Consumers value Geo services at $37 billion annually, a recognition of the many ways geo-applications and location-enabled devices are central to their daily lives.
A 2012 report from the Boston Consulting Group and 2013 study from Oxera examined the effects of geographic mapping and location-based services -- or Geo services -- on consumers and the global economy. The industry generates up to $270 billion in global revenue per year and has a far-reaching impact on jobs, business efficiencies and cost savings -- and it's expected to grow by 30 percent annually.
These studies are some of the first of their kind to evaluate Geo services, which include a range of services such as online maps, satellite imagery, and navigation services, as its own industry. While the Oxera study seeks to quantify the industry’s impact on consumer welfare and the economy around the globe, research by the Boston Consulting Group seeks to identify trends specific to the U.S.
Oxera concluded there are various benefits to Geo services, ranging from the lifesaving effects of faster emergency response to the billions of dollars and hours saved on travel per year.

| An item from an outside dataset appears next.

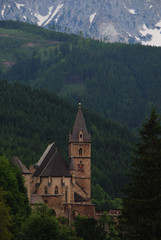 kirche in den bergen hochformat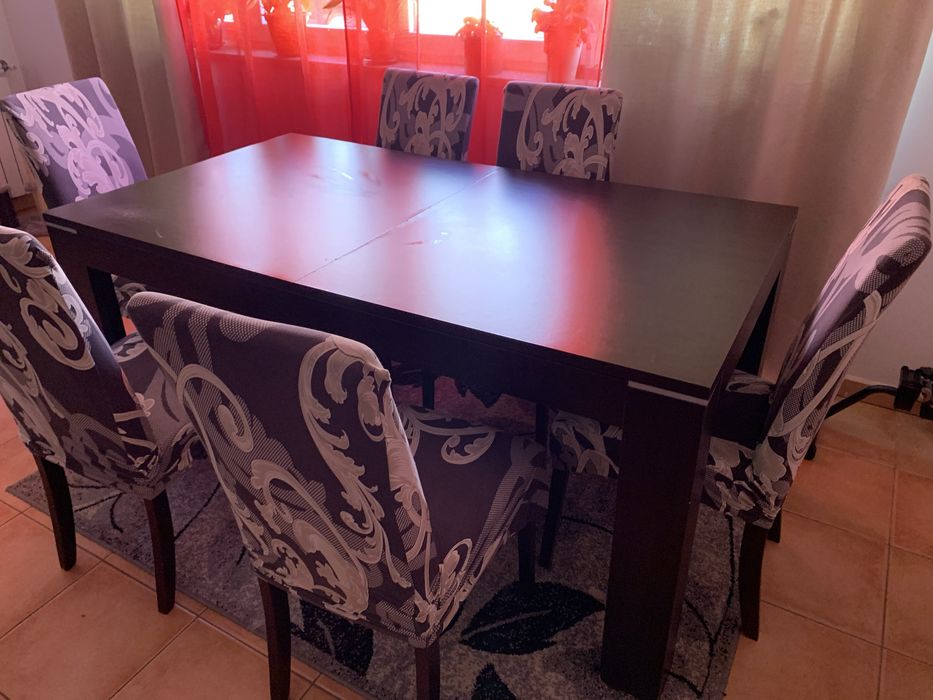 Mesa de Sala extensivel com 6 cadeiras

As these services become more integrated in our daily lives, the sector is growing quickly -- 30 percent per year globally, according to Oxera’s analysis, and the BCG study found similar trends in the U.S. Geo services industry.
“Geo services global revenues are $150-270 billion per year.”
BCG’s research found that the geospatial services industry has an impact on the U.S. economy that is 15 to 20 times the size of the industry itself. The efficiency gains these services enable are an asset not only to the industries they benefit, but to the consumers that rely on them daily -- and value at $37 billion annually, a recognition of the many ways geo-applications and location-enabled devices are central to their daily lives. For this growth in the U.S. to continue, the industry requires continued support on several fronts, from government investment and policy support of geo-data collection, clear open data policies and effective geo-infrastructure, and support for geospatial education, training, and innovation.